Seth then leaned in close and said, “But I’m going to give you some advice. Whatever you do, whatever happens, stick with Julie.”
Then and there I decided to follow this advice single-mindedly. For once, I wasn’t going to neurotically parse it or add caveats. I would hew closely to this blessedly easy set of instructions and, in doing so, win the grand prize. And seriously, why wouldn’t I “stick with Julie”?
An hour later, a car was taking Tony Adams, David Garfinkle, Julie, and me to the Meadowlands. We were all off to see “the boys.” Bono and Edge were still smarting over Julie’s decision to give friend Neil Jordan the boot, and they were even more dubious after reading my résumé. So, they insisted on meeting this new bookwriter before signing off.
U2’s Vertigo Tour was on its way to becoming the highest-grossing tour of the year, featured on magazine covers all summer long. In a few minutes they’d be performing in front of twenty thousand, but at the moment they were offering us cans of Bud from a metal bucket in a small room somewhere in the backstage warren of the Meadowlands.
There was conviviality, there was small talk, but I kept my mouth shut, and thought about U2’s back catalogue. Twenty-five years they’ve been putting out albums. How was it I only knew three of their songs?
Bono clapped me on the shoulder—“Your problem, meanwhile, is that you’re too bashful.”
“Ah, give me a chance!”
Now Bono was looking me in the eyes.
“This has to be brilliant. Do you understand? It has to be.”
There was no mistaking his sincerity—he had absolutely no interest in doing something that wasn’t bloody genius. Otherwise he would walk away. In survival mode, I got animated, swung my hands about, gave him my word—no, no, no, absolutely, if it killed us, we were going to deliver an experience that would blow minds.
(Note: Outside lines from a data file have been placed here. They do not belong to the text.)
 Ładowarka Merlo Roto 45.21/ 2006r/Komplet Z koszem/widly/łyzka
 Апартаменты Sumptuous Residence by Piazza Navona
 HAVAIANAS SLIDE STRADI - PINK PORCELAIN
Bono threw a glance to Julie—“You’re sure about this one?” I could see doubt, terror, rising behind her eyes, and now she was shaking my shoulders—“You better write something brilliant, you hear?!”
I nodded. I had already decided not to tell them about the three other writing jobs I’d committed to that summer.
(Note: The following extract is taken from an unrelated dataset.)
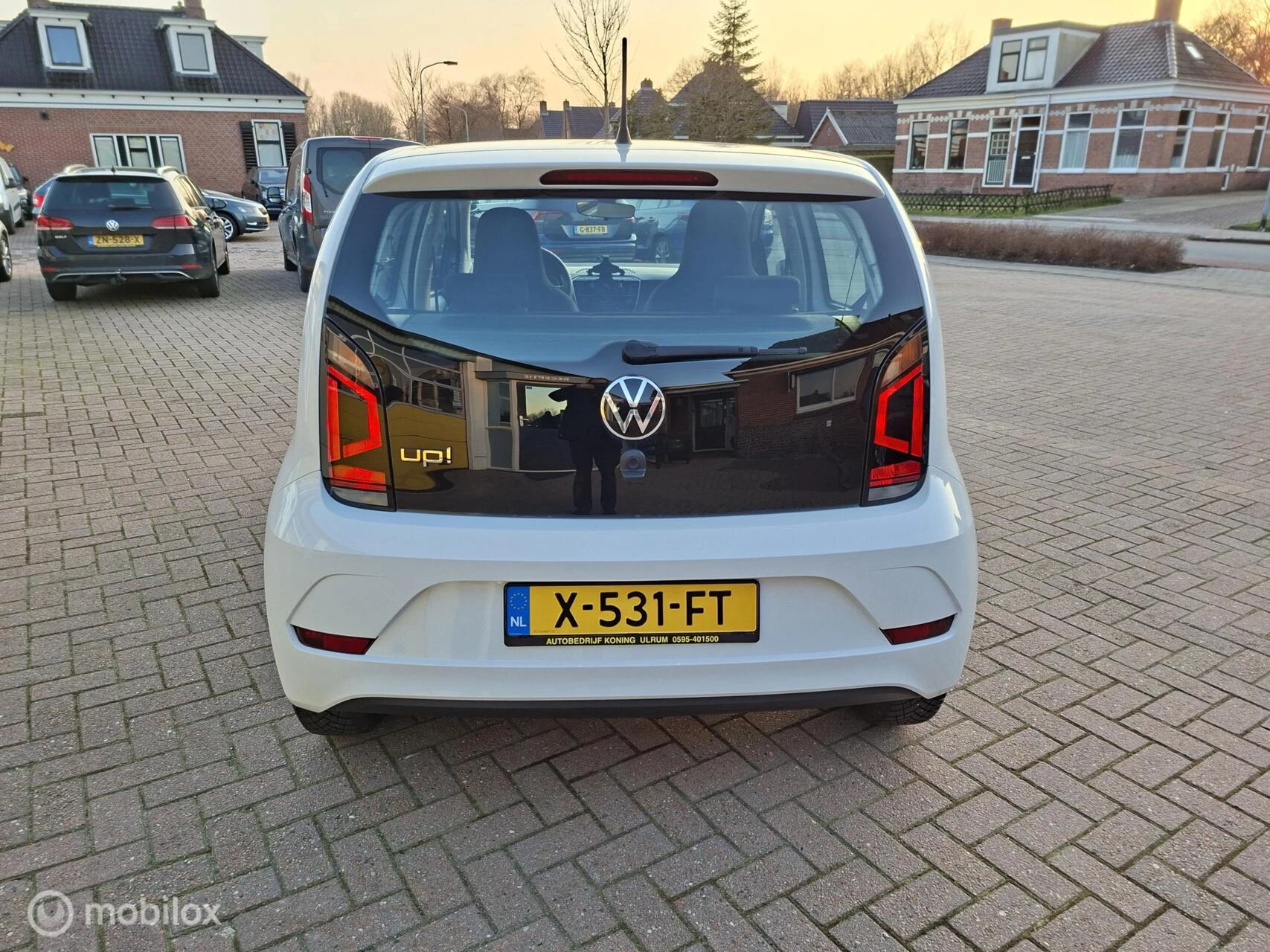 Hoofdafbeelding Volkswagen up!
The concert began with a spellbinding cascade of luminescence while a ringing guitar riff—as iconically “Edge” as a riff can get—built in tension and complexity until the band erupted into their recently released “City of Blinding Lights.” Right away this concert was confirming what I imagine all playwrights feel whenever they watch a rock concert: Plays blow.
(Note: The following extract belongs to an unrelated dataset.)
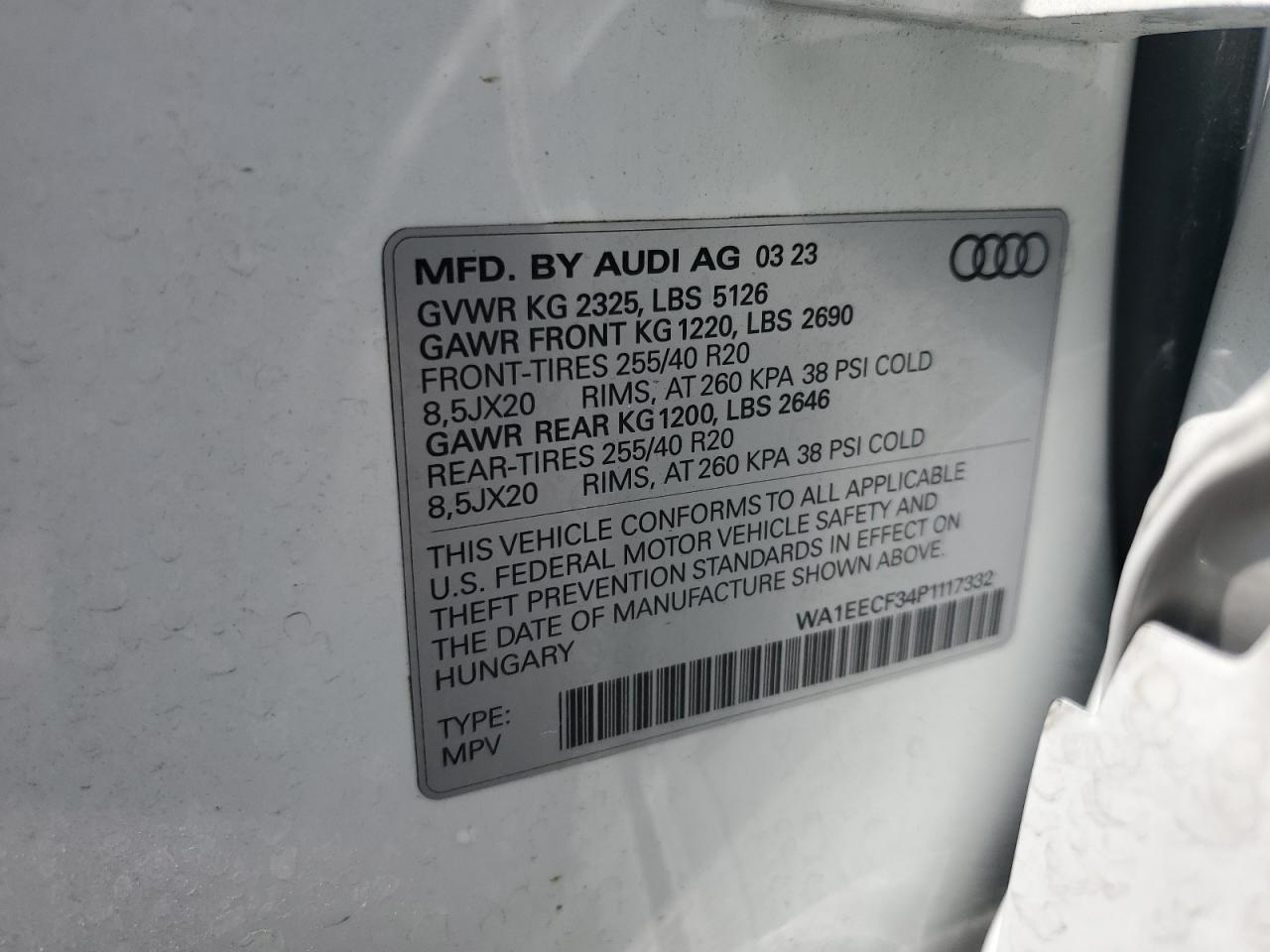 2023 Audi Q3 - Image 13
If only a play could replicate those first seconds of a rock concert—those moments mad with anticipation and excitement. Eight bars on Edge’s guitar and a whole stadium was galvanized. The immediacy, the rawness, the sexuality, the spectacle, the relevance, the passion, those monster lights, and that massive sound—was this what we were shooting for with Spider-Man? Was this where everyone’s head was at? I spent the entire concert raising the bar for our show ever skyward.
But the real revelation for me at that concert: Until tonight, for whatever ignorant reasons, I thought Bono and Edge were wrong for this project. But tonight I heard both a mischievousness in their music, as well as a dead-earnest, aching yearning for justice, grace, humility, and transcendence. In other words, I heard the soul of our superhero. I was ready to bow down to Tony Adams—he was a genius.
But he wanted pages. Immediately. Yesterday. Progress was beginning to stall because I was having a hard time selling Julie on my ideas. So I headed to Julie’s country home to hash out the story yet again. But I couldn’t get enthusiastic about anything she was pitching, and meanwhile she was looking at me like I was speaking Urdu.
Finally, I blurted, “You know, Julie, in a certain light, Spider-Man the Musical is kind of a ridiculous idea.”
Julie frowned, furrowed her brow, and said, “Ridiculous? I don’t think so. No.”
She wasn’t just serious, she was solemn. I stammered out a “Oh—but in a certain—well, no, I didn’t really think that either.” But now I was scared. I just assumed everyone thought this project was potentially ridiculous. Obviously it wouldn’t be ridiculous by opening night, because Julie Taymor would make sure of that. But—hoo—was I really working with someone who hadn’t once entertained the notion that perhaps a musical about Spider-Man was . . . just . . . you know . . . ludicrous?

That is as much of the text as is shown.